Темные аллеи (2011г.) - Страница 40
– А что ж вы думаете? Может, кто и убьет. Наше деле такое. Идешь неизвестно куда, неизвестно с кем, а он либо пьяный, либо полоумный, кинется и задушит, либо ножиком зарежет… А до чего у вас теплый номер! Сидишь вся голая, и все тепло. Это мадера? Вот люблю! Куда ж сравнить с портвейном, он завсегда пробкой пахнет.
– Ну, не завсегда.
– Нет, ей-богу, пахнет, хоть два рубля за бутылку заплати, одна честь.
– Ну, давай еще налью. Давай чокнемся, выпьем и поцелуемся. До дна, до дна.
Она выпила, и так поспешно, что задохнулась, закашлялась и, смеясь, упала головой к нему на грудь. Он поднял ей голову и поцеловал в мокрые, деликатно сжатые губки.
– А меня придешь провожать на вокзал?
Она удивленно раскрыла рот.
– Вы тоже уедете? Куда? Когда?
– В Петербург. Да это еще не скоро.
– Ну, слава богу! Я теперь только к вам буду ходить. Вы хочете?
– Хочу. Только ко мне одному. Слышишь?
– Ни за какие деньги ни к кому не пойду.
– Ну то-то же. А теперь – спать.
– Да мне нужно на минуточку…
– Вот тут, в тумбочке.
– Мне на виду стыдно. Погасите на минуточку огонь…
– И совсем погашу. Третий час…
В постели она легла ему на руку, опять вся прижавшись к нему, но уже тихо, ласково, а он стал говорить:
– Завтра мы с тобой будем вместе завтракать…
Она живо подняла голову:
– А где? Вот я раз была в «Тереме», это за Триумфальными воротами, дешево до того, прямо даром, а уж сколько дают – съесть нельзя!
– Ну, это мы посмотрим где. А потом ты пойдешь домой, чтобы твои стервы не подумали, что тебя убили, да и у меня дела есть, а к семи опять приходи ко мне, поедем обедать к Патрикееву, там тебе понравится – оркестрион, балалаечники…
– А потом в «Эльдорадо» – правда? Там сейчас идет чудная фильма «Мертвец-беглец».

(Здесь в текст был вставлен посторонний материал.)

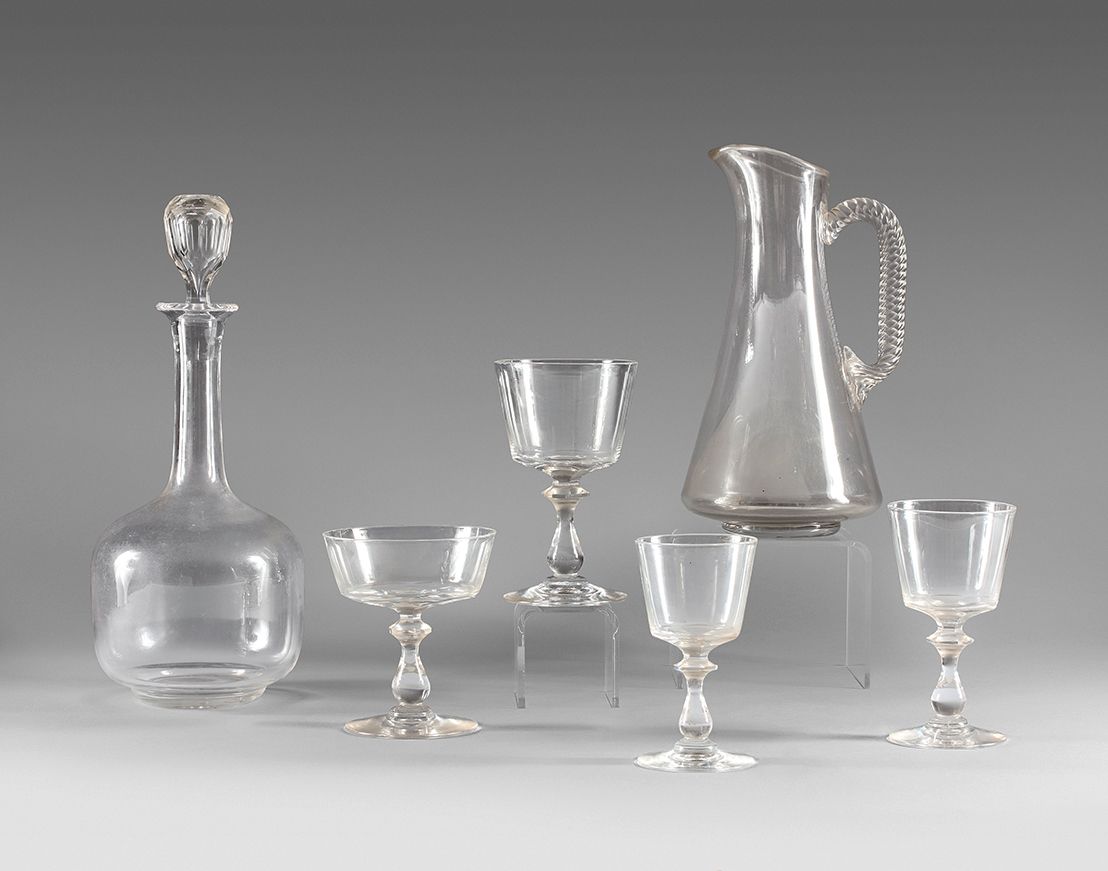 Null 
Part of a crystal stemmed glass service with faceted bottom comprising: ei&hellip;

– Великолепно. А теперь – спи.
– Сичас, сичас… Нет, Мур не стерва, она страсть несчастная. Я бы без нее пропала.
– Как это?
– Она папина сестра двоюродная…
– Ну?
– Папа мой был сцепщиком на товарной станции в Серпухове, ему там грудь раздавило буферами, а мама умерла, когда я была еще маленькой, я и осталась одна на всем свете и поехала к ней в Москву, а она, оказывается, давно уж не служит по номерам горничной, мне дали ее адрес в адресном столе, я приехала к ней с корзинкой на извозчике на Смоленский рынок, смотрю, а она с этой Анелей живет и вместе с ней ходит по вечерам на бульвары… Ну и оставила меня у себя, а потом уговорила тоже выходить…

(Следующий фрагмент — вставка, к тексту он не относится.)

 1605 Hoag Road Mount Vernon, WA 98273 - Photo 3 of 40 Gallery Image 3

– А говоришь, что ты без нее пропала бы.
– А куда ж бы я делась в Москве одна? Конечно, она меня погубила, да разве она мне зла желала? Ну да что об этом говорить. Может, бог даст, место какое найду тоже в номерах, только уж место не брошу и уж никого к себе не подпущу, мне и чаевых будет довольно, да еще на всем готовом. Вот если бы тут, в вашем «Мадриде»! Чего бы лучше!
– Я об этом подумаю; может, и устрою тебе где-нибудь такое место.
– Я бы вам в ножки поклонилась!
– Чтоб вышла уж полная идиллия.
– Что?
– Нет, ничего, это я со сна… Спи.
– Сичас, сичас… Я чтой-то раздумалась…
26 апреля 1944
Второй кофейник
Она и натурщица его, и любовница, и хозяйка – живет с ним в его мастерской на Знаменке: желтоволосая, невысокая, но ладная, еще совсем молодая, миловидная, ласковая. Теперь он пишет ее по утрам «Купальщицей»: она, на маленьком помосте, как будто возле речки в лесу, не решаясь войти в воду, откуда должны глядеть глазастые лягушки, стоит вся голая, простонародно развитая телом, прикрывая рукой золотистые волосы внизу. Проработав с час, он отклоняется от мольберта, смотрит на полотно и так и этак, прищуриваясь, и рассеянно говорит:
– Ну, станция. Подогревай второй кофейник.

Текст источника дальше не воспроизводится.